Work order. When you reach the line that contains "SuperFitness - Butter", set down that line and every one after it through the end of the records, exactly as written and with no pictures.

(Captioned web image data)
-.-.-

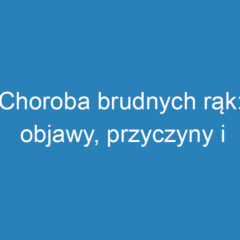 Choroba brudnych rąk: objawy, przyczyny i skuteczne metody zapobiegania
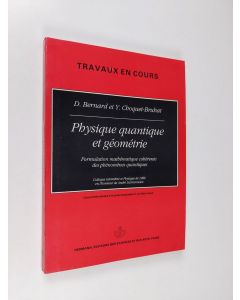 Kirjailijan Daniel Bernard käytetty kirja Physique quantique et géométrie - formulation mathématique cohérente des phénomènes quantiques : Colloque Géométrie et Physique de 1986 en l'honneur d'André Lichnerowicz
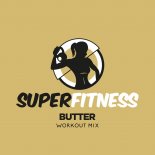 SuperFitness - Butter (Workout Mix Edit 133 bpm)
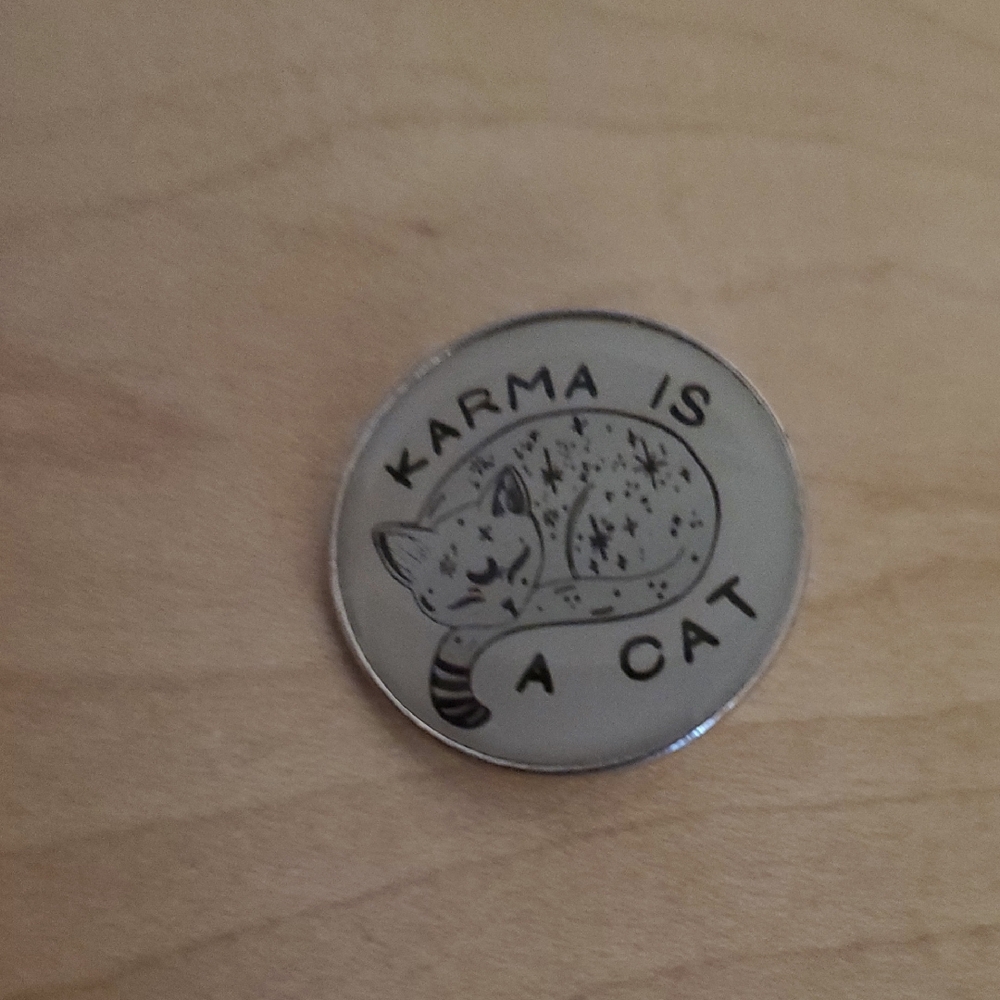 Karma Is a Cat Enamel Pin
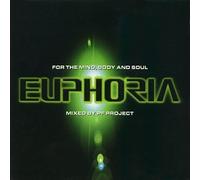 Various - Euphoria: for the Mind, Body and Soul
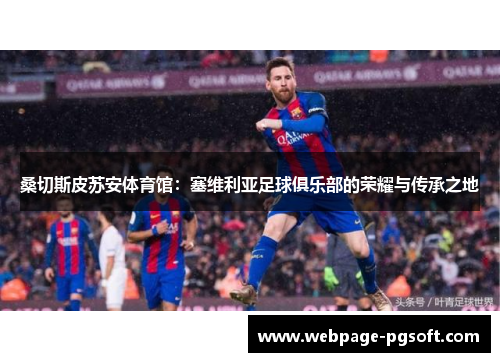 桑切斯皮苏安体育馆：塞维利亚足球俱乐部的荣耀与传承之地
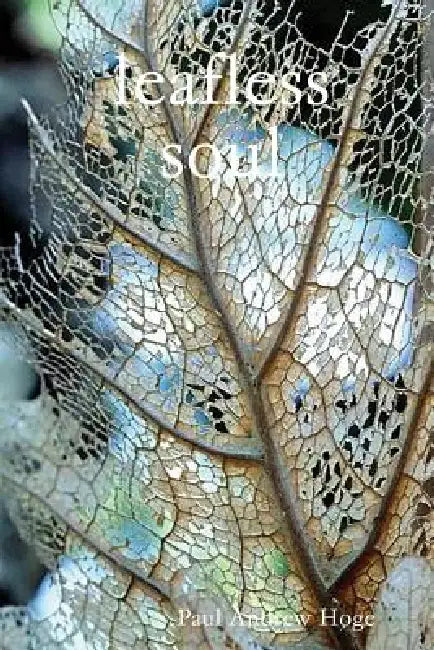 Leafless Soul by Paul Andrew Hoge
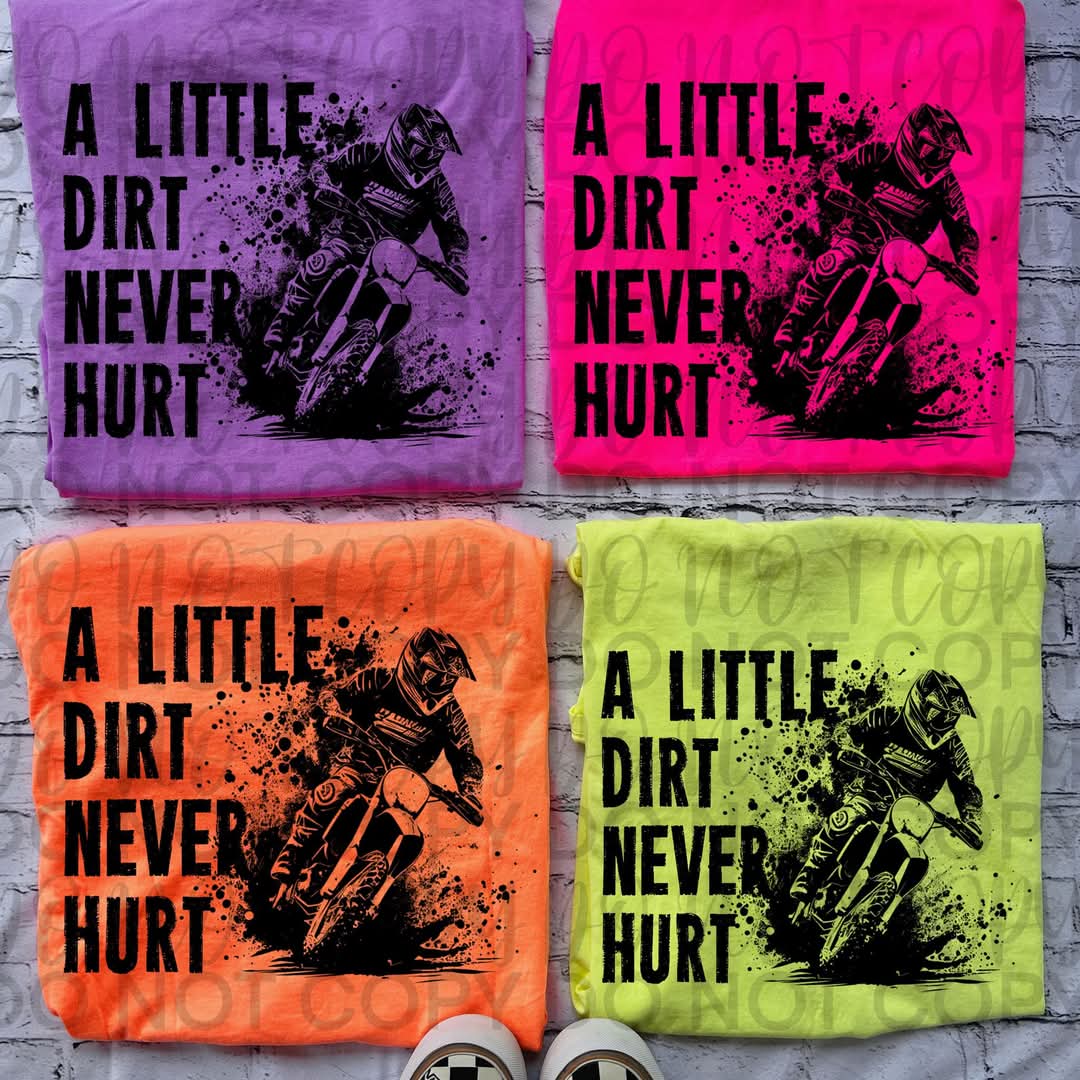 A Little Dirt Never Hurt - Shirt Sw.S.D.25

-.-.-

Response to the task.
 SuperFitness - Butter (Workout Mix Edit 133 bpm)
 Karma Is a Cat Enamel Pin
 Various - Euphoria: for the Mind, Body and Soul
 桑切斯皮苏安体育馆：塞维利亚足球俱乐部的荣耀与传承之地
 Leafless Soul by Paul Andrew Hoge
 A Little Dirt Never Hurt - Shirt Sw.S.D.25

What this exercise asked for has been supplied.